Locate "Großhändler Ober - Gerade" in the records below, then copy its line and every following line exactly, without the pictures.

======== The data ========

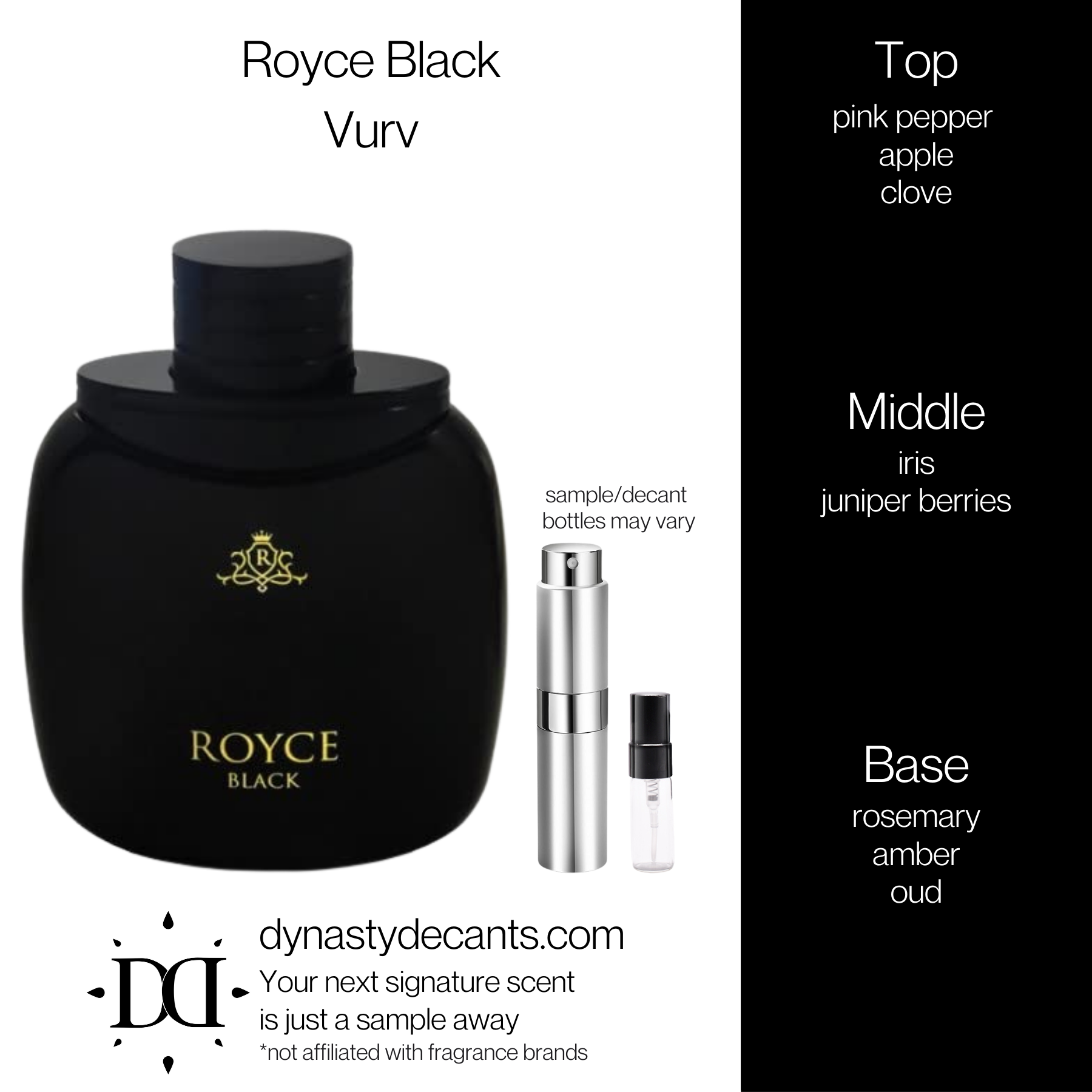 Royce Black by Vurv | Fragrance Sample | Decant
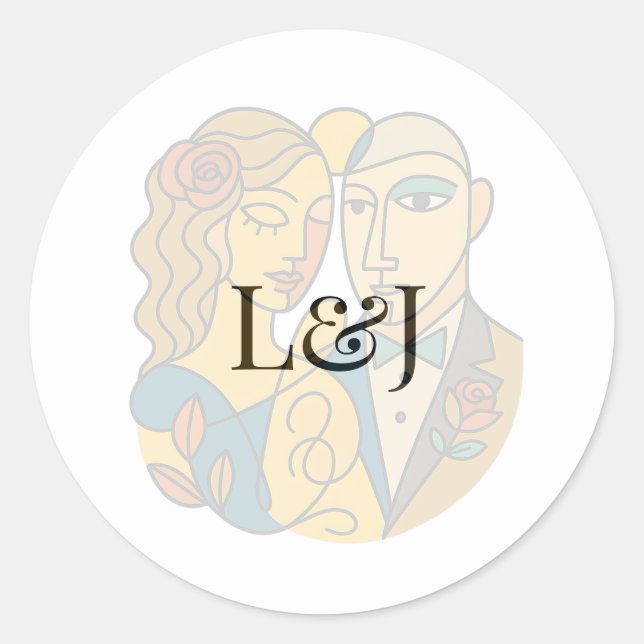 Hochzeit in Urlaubsort künstlerische Silhouette Mo Runder Aufkleber (Vorderseite)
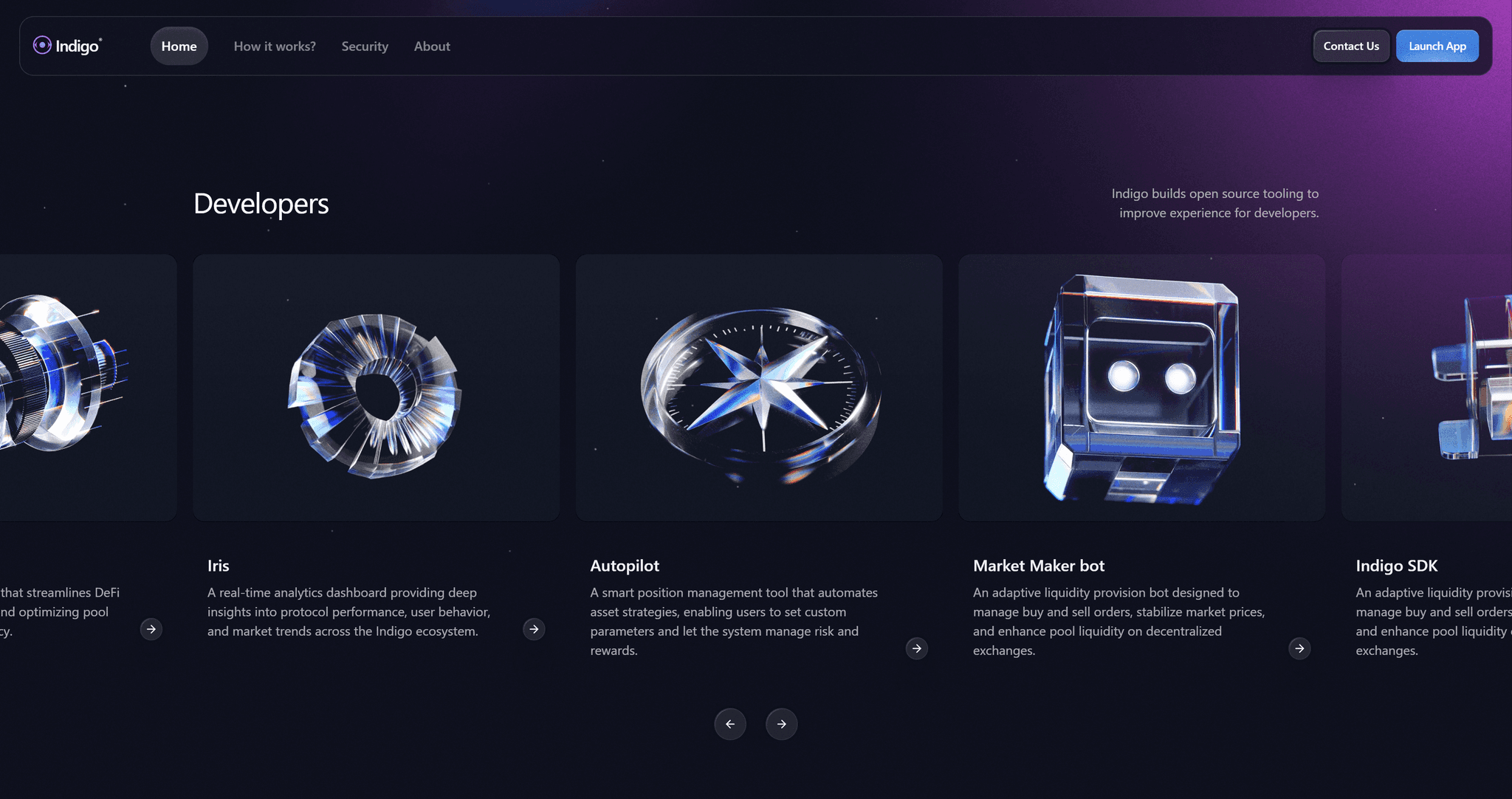 Indigo website developers section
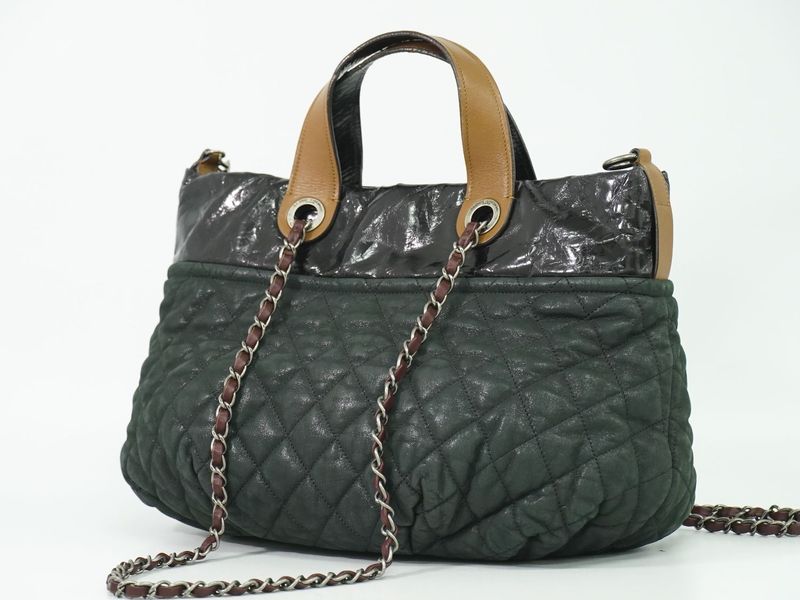 Authentic Chanel In The Mix Coco Mark 2WAY Shoulder Bag Tote Bag Sparkle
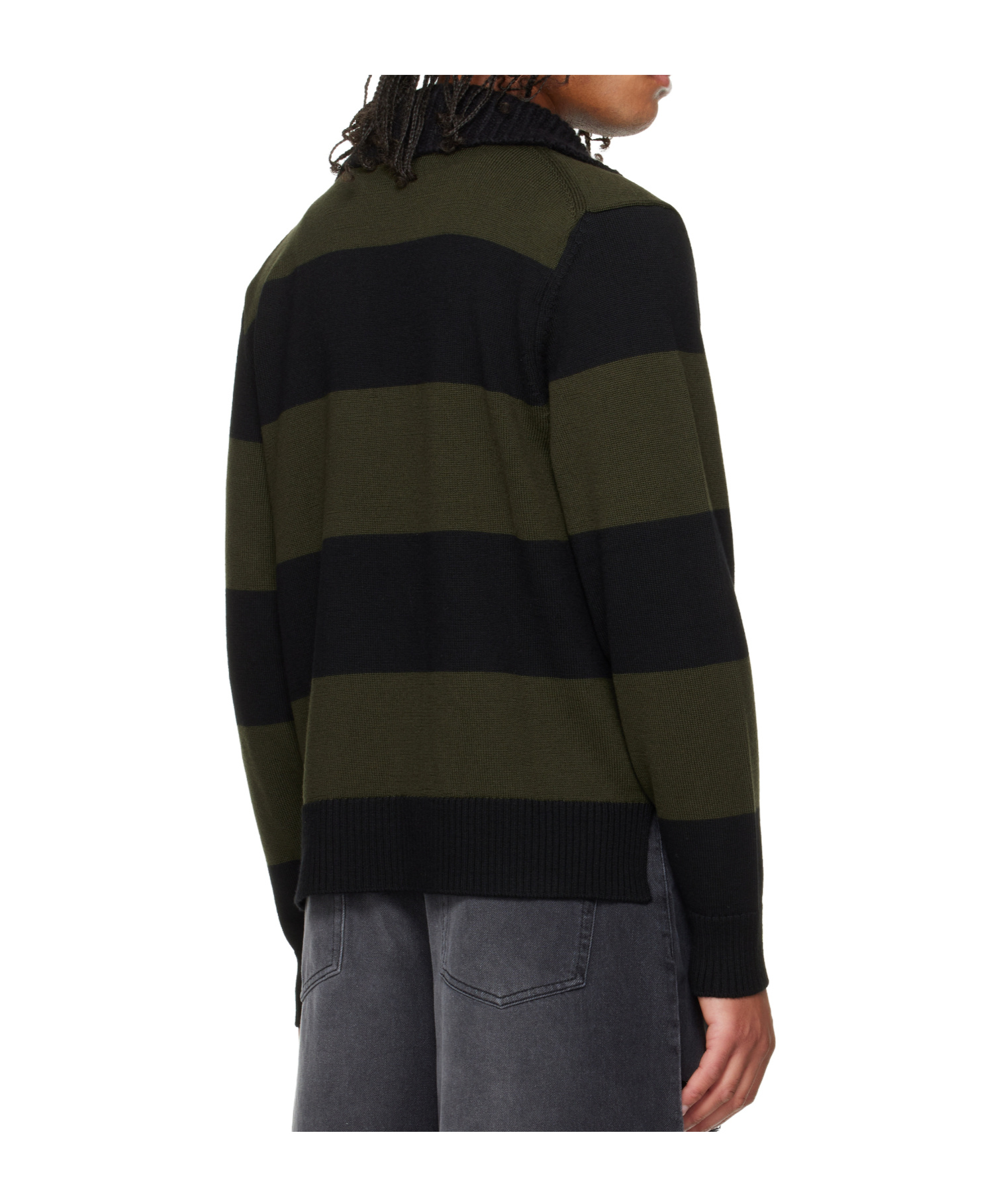 Simone Rocha Striped Embellished-collar Polo Shirt In Multi
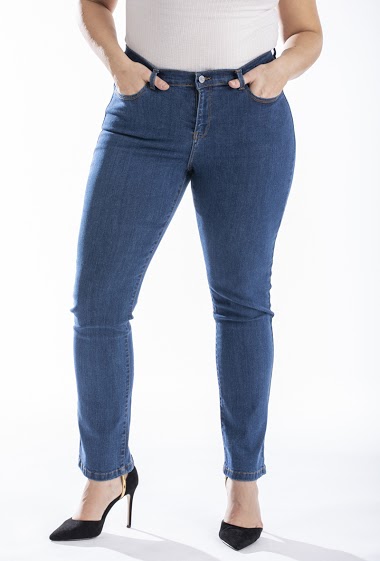 Großhändler Ober - Gerade geschnittene Denim-Jeans mit hoher Taille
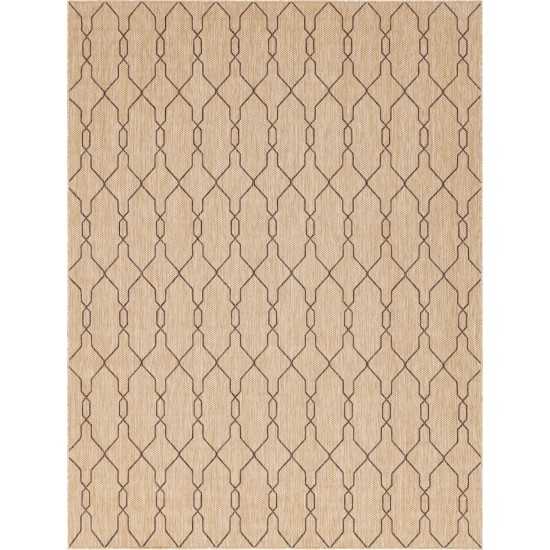 Rug Unique Loom Outdoor Trellis Tan Rectangular 9' 0 x 12' 0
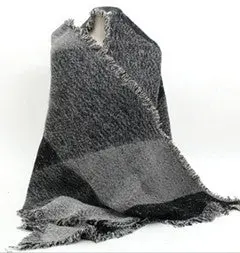 Valentine's Day Gift Over Size Fringed Scarf Wrap Shawl Plaid Checked Blanket Contrast Color Plaid Beveled Tassel Edged Scarf 2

========

- [Output below]
 Großhändler Ober - Gerade geschnittene Denim-Jeans mit hoher Taille
 Rug Unique Loom Outdoor Trellis Tan Rectangular 9' 0 x 12' 0
 Valentine's Day Gift Over Size Fringed Scarf Wrap Shawl Plaid Checked Blanket Contrast Color Plaid Beveled Tassel Edged Scarf 2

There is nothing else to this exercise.